Work order
From the line that holds "Thumbnail: 2025 Mercedes-Benz GLE - 18" down to the last line of the listing below, transcribe exactly and only those lines. Leave pictures out.

Data
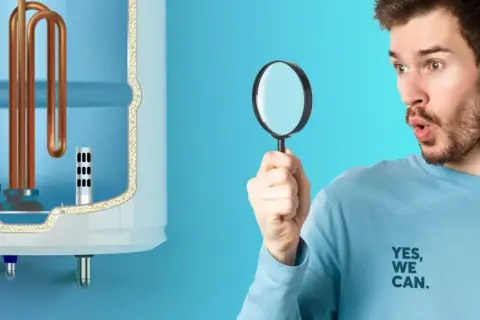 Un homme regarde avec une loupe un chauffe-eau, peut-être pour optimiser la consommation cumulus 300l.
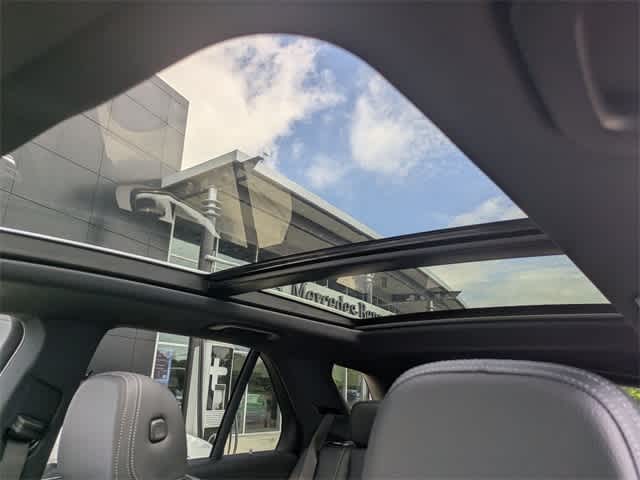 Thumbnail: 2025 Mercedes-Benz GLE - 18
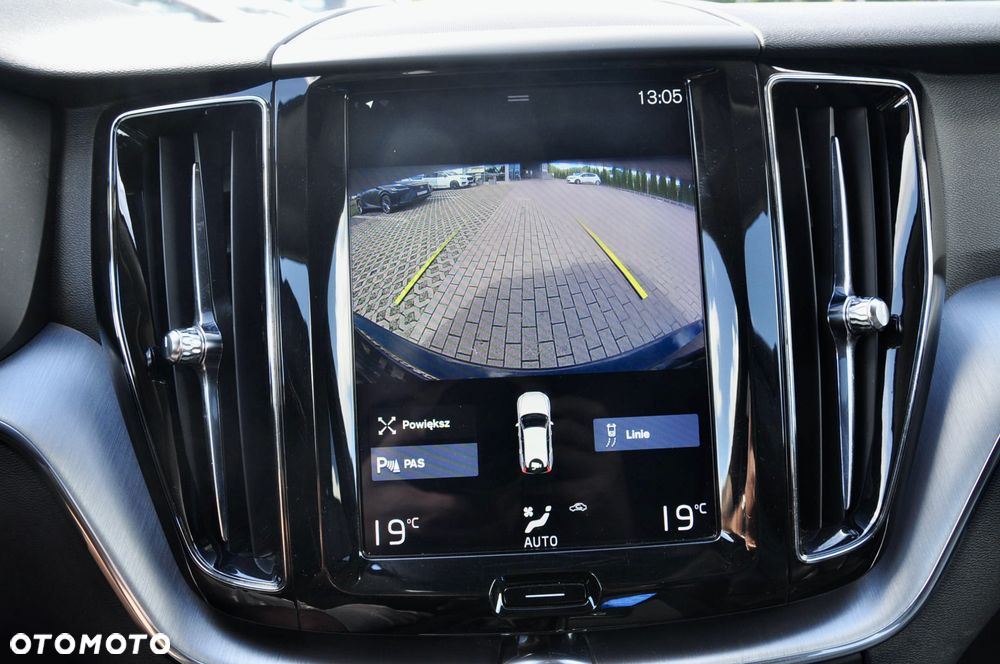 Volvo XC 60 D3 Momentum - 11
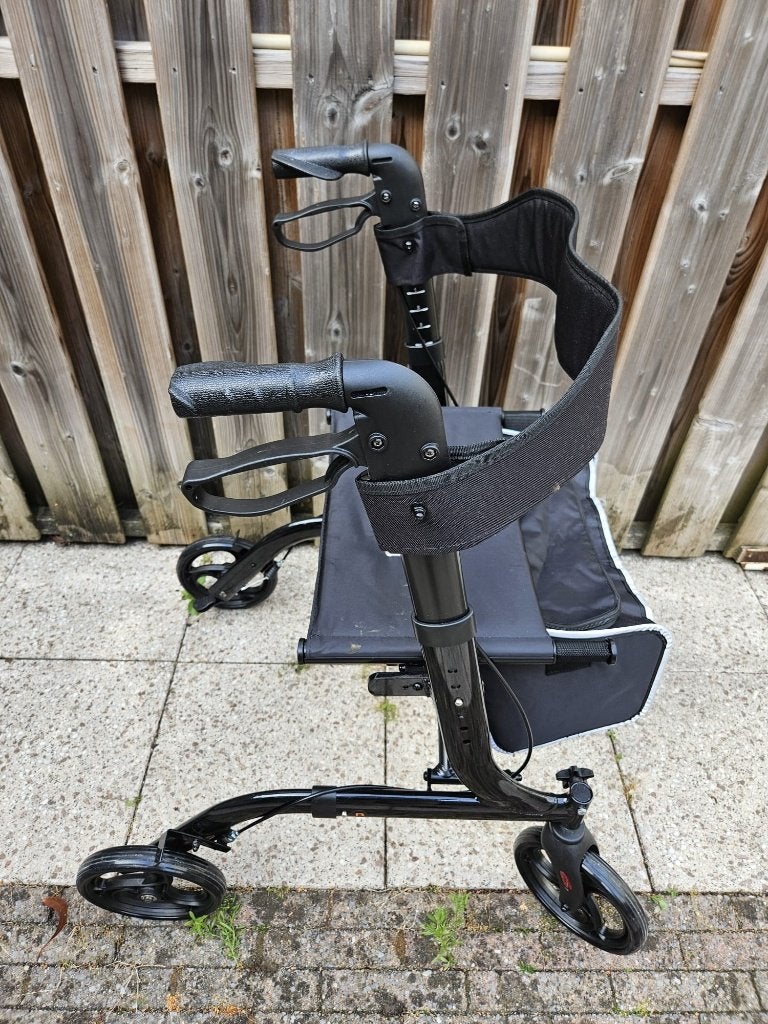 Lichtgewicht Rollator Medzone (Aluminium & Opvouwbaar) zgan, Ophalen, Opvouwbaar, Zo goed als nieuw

Your solution
 Thumbnail: 2025 Mercedes-Benz GLE - 18
 Volvo XC 60 D3 Momentum - 11
 Lichtgewicht Rollator Medzone (Aluminium & Opvouwbaar) zgan, Ophalen, Opvouwbaar, Zo goed als nieuw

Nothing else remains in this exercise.